Stored data:
§

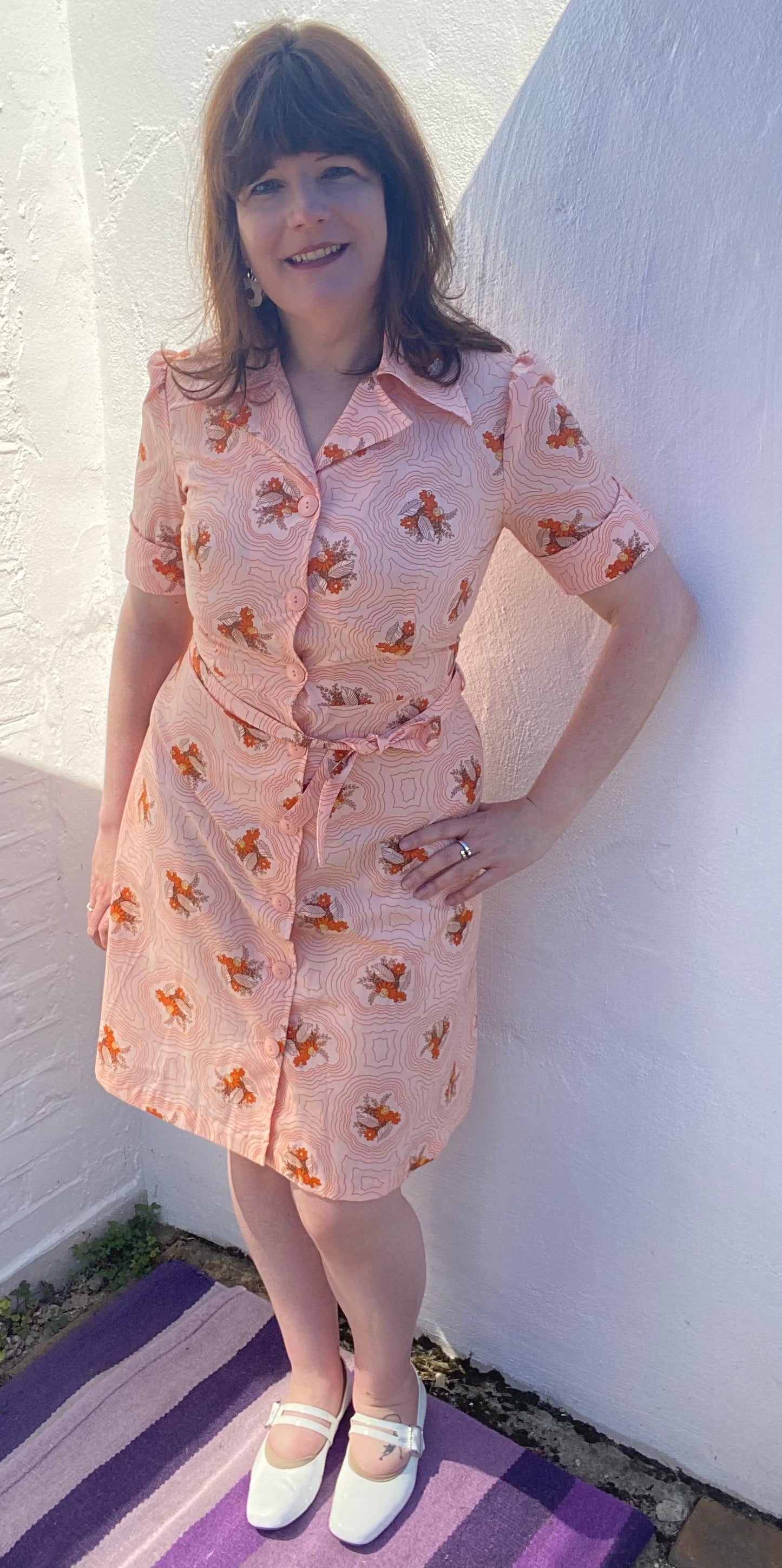 Vintage 70s Cotton polyester orange peach print belted shirt dress print size 10 12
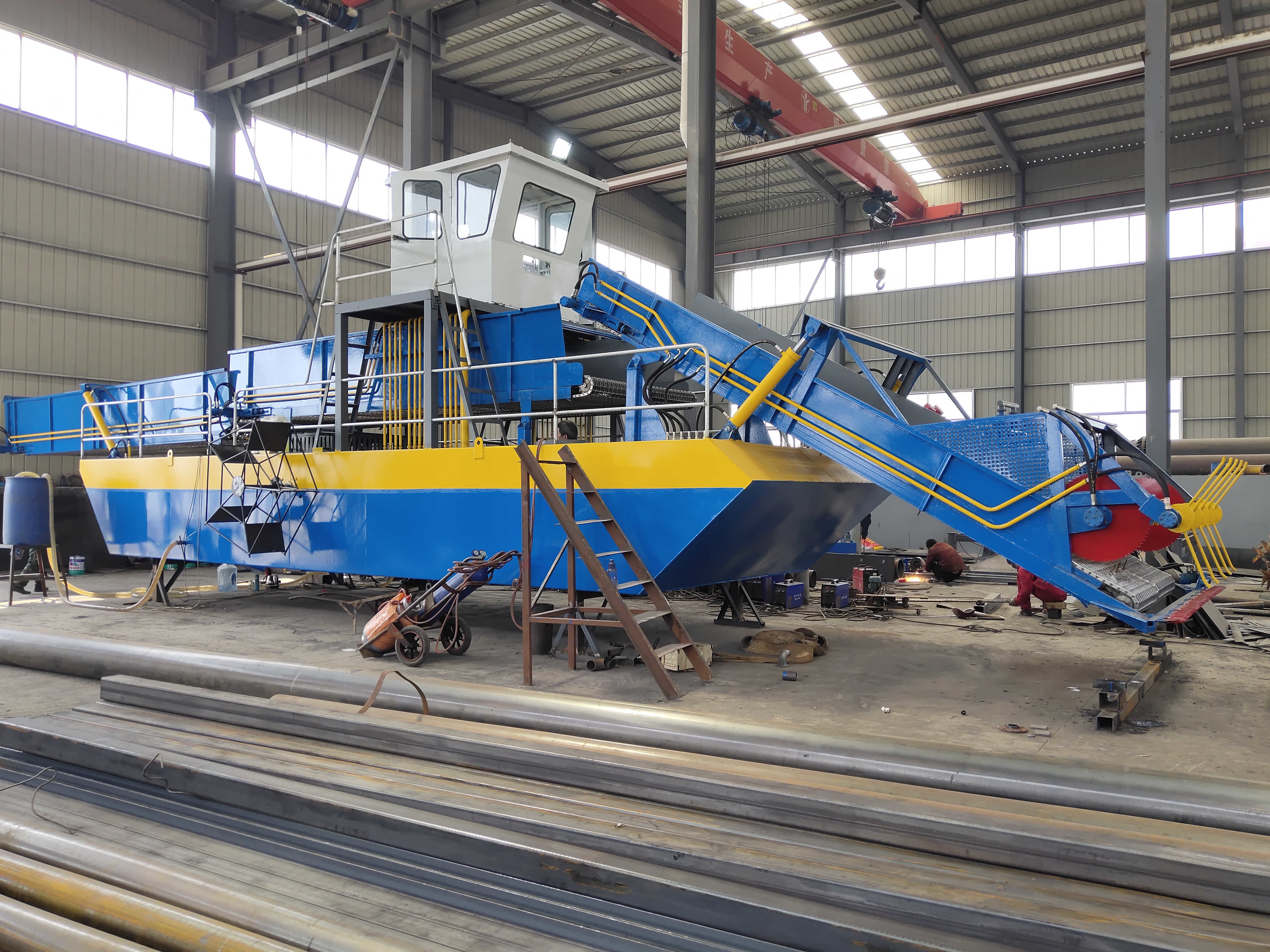 70kw Power Aquatic Weed Harvester To Collect Water Plants On Water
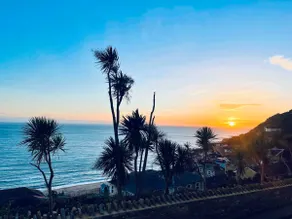 Stunning sea views Ventnor Apartment - Image 5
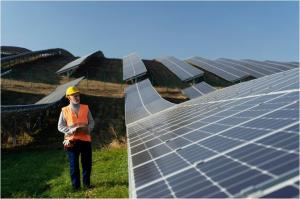 Constanța Omer Susli de la Praktiker construiește o centrală electrică fotovoltaică la Cobadin. Peste 7.500 de module fotovoltaice 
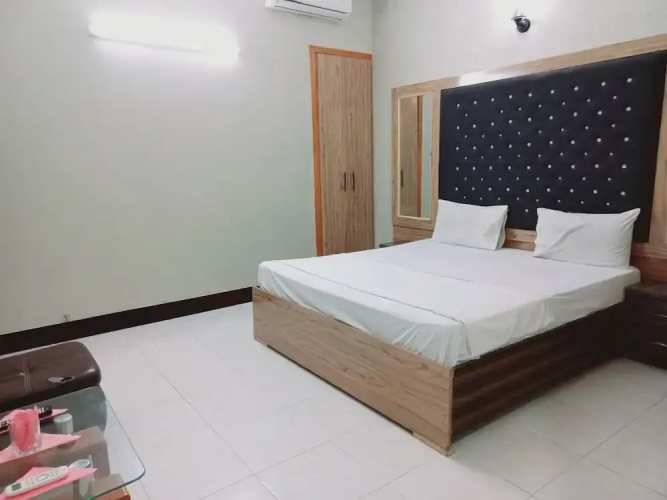 Royal Hotel - Karachi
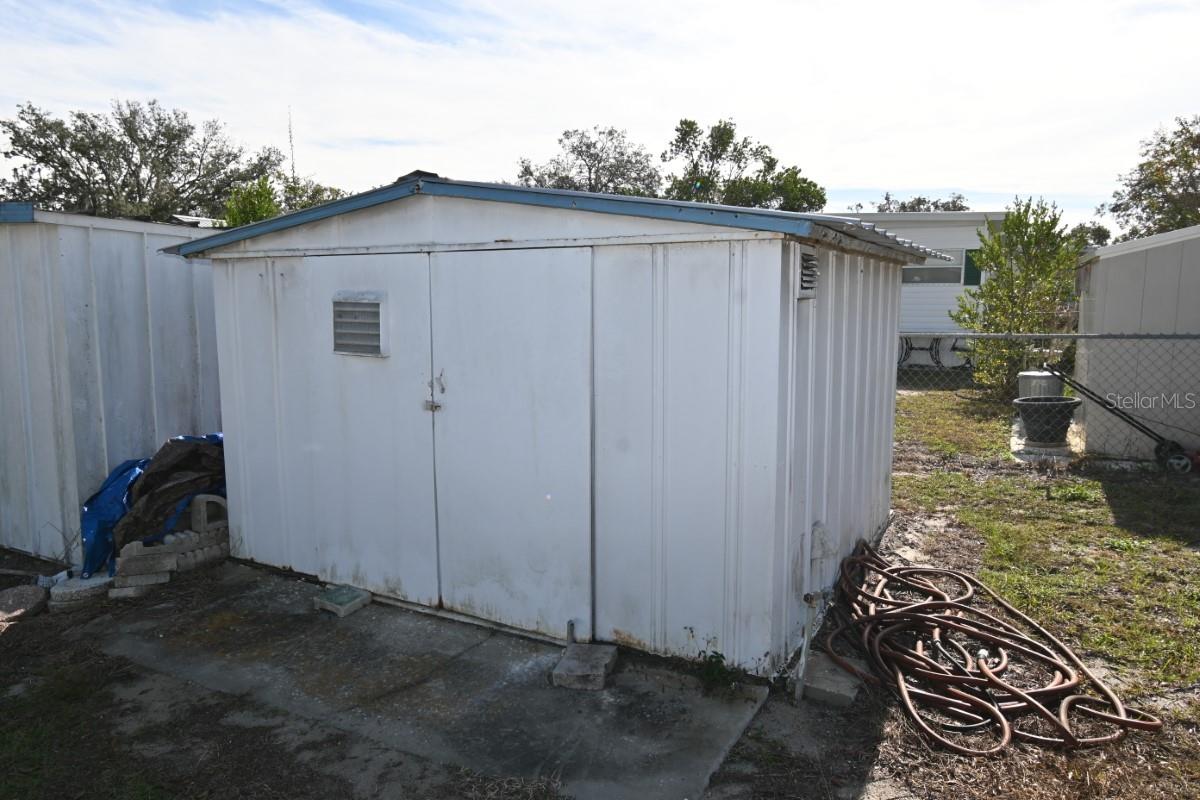 TB8455460 Property Photo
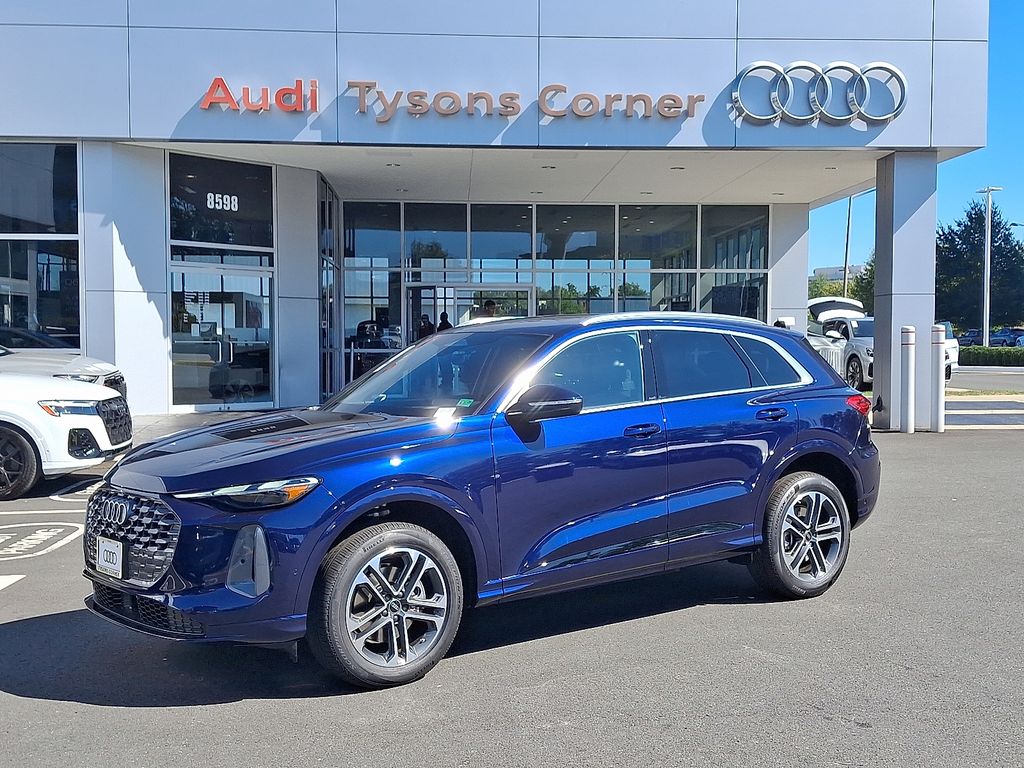 2025 Audi New Q5 Premium's photo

§

Work to complete
Set the preceding data down again word for word, omitting images.

Solution for this problem
 Vintage 70s Cotton polyester orange peach print belted shirt dress print size 10 12
 70kw Power Aquatic Weed Harvester To Collect Water Plants On Water
 Stunning sea views Ventnor Apartment - Image 5
 Constanța Omer Susli de la Praktiker construiește o centrală electrică fotovoltaică la Cobadin. Peste 7.500 de module fotovoltaice 
 Royal Hotel - Karachi
 TB8455460 Property Photo
 2025 Audi New Q5 Premium's photo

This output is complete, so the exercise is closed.